My parents fit this mold completely. Not only do they differ in their parenting styles, but they also differ in their money philosophies. My mom is a saver, and my dad was a spender. Both of them taught me some very important lessons about money.

We didn’t have much money when I was growing up, due to my dad’s inconsistent job history and the fact that we lived in a third world country, where everybody else around us was poor. It was a normal thing to be poor. I knew this right away as a child–that we didn’t have much money and that I was much luckier than my brothers, who was born and grew up during the war. A famous line of my mom’s is “We didn’t even have enough money for food so I had to divide the portions into three meals! And I didn’t have much to eat so I couldn’t produce enough breast milk to feed my kids!” Luckily, when I came along, there was enough food to go around, so she was able to produce the milk.
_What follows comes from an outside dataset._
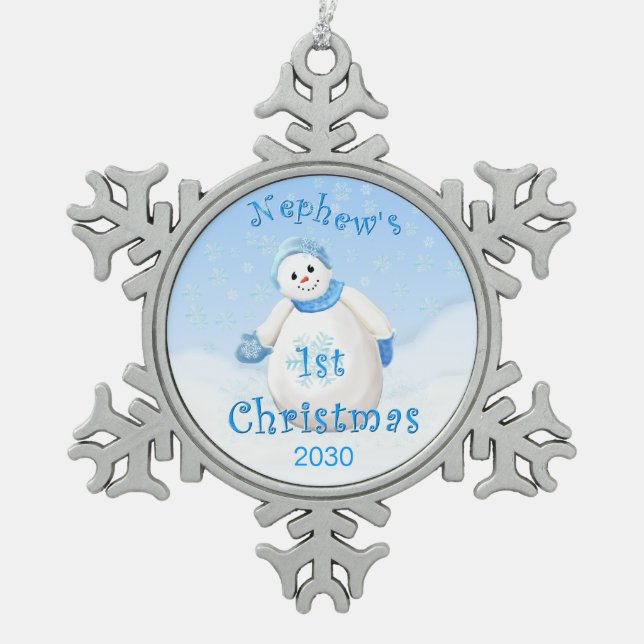 Ornement Flocon De Neige Ęr souvenir de Noël du neveu (Devant)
Despite that, my dad was a major giver–he’d give away whatever he had left, telling people, “It’s okay. You don’t have to pay me back,” or “This one’s on me, buddy.” As a child, I didn’t understand why he did this. I thought, “Why on earth would he give away money when we’re already so poor?!”

Now, as an adult, I finally understand.

MoneyToon

From watching Ellen Rogin’s Ted Talk today, I learned that giving can be just as rewarding as receiving. It can make you feel even richer. In her talk, she advocates for giving back to the community through charity donations and volunteering your time. This was something my dad did a lot. He volunteered his time at our church (the main hub of our community) and he gave away whatever money he had left (after he’d spent the majority of it, that is). This solidified his position within our community–everyone respected him and loved him, and we were always invited to parties and gatherings. He was also a funny guy–that helped too. His philosophy on money and on life was so simple, and yet it worked.
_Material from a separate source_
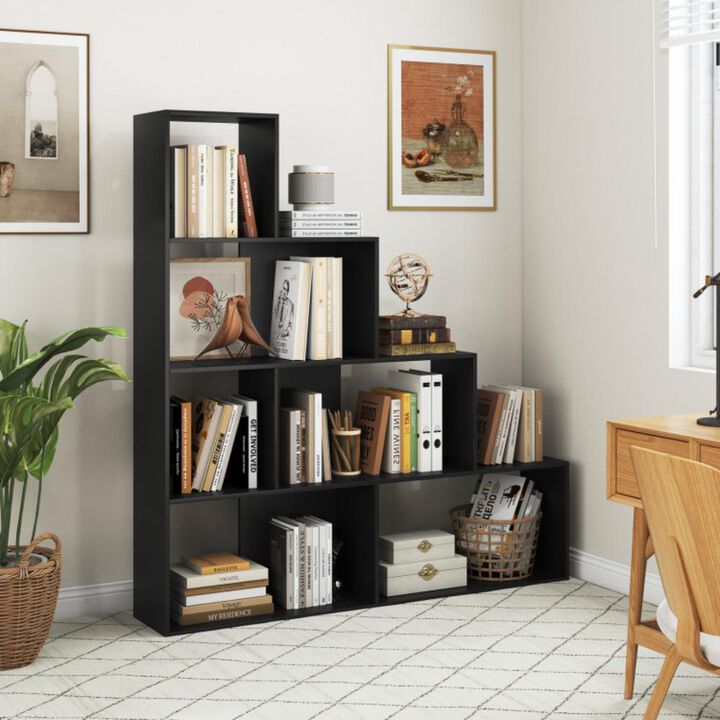 Hivvago 4-Tier Bookshelf Stair Bookcase with 6 Cubes Display Rack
My mom, on the other hand, is the opposite. Besides the tithe she gives every week at church, she is not typically a charity giving kind of person. Instead, she hoards her money in random places and tends to them in the same meticulous manner as one would tend to a flower garden. Unlike my dad who couldn’t keep a job long enough, she worked hard at the same job for many years. She was the financial rock in our family. Without her, we probably would be worse off.

Ironically, my dad was the one who bought a life insurance policy and convinced her to do the same. But that’s another story.

The point is–kids are like sponges. They absorb information so much, and so quickly. As discussed in Ellen’s talk and in this article, kids learn a lot from how we act around them.

…how our children will manage money in the future is being shaped by the atmosphere around finances at home right now. – Ted blog

Reading this reminds me that as an adult, as a parent in particular, I need to pay attention to how we talk about money at home. In fact, my husband may agree that we don’t really talk about money in front of the kids. Besides saying, “We don’t have money for this and that” sometimes we typically don’t give them any idea as to how we are financially. I think they’re too young right now. My daughter is old enough to understand certain things though.

My parents didn’t talk about money either, but I learned so much from observing them in my youth. I think it’s worth noting that in order to teach your kids to be responsible with money as adults, we must first model that behavior. But I also don’t think that you should go around and say, “Don’t do what I did!” until they’re old enough to understand, probably around teenage years, when the majority of them start earning their own income.

I don’t want to be like my mom, but I also don’t want to be like my dad either, so I strive to be somewhat in the middle in terms of money. Every once in awhile, I’ll take the kids out for a treat–bubble tea, baked goods or a Happy Meal. They love it because it doesn’t happen very often. It’s my way of saying, “We don’t always have money to do this, but when we do, it’s fun!” Delayed gratification, right?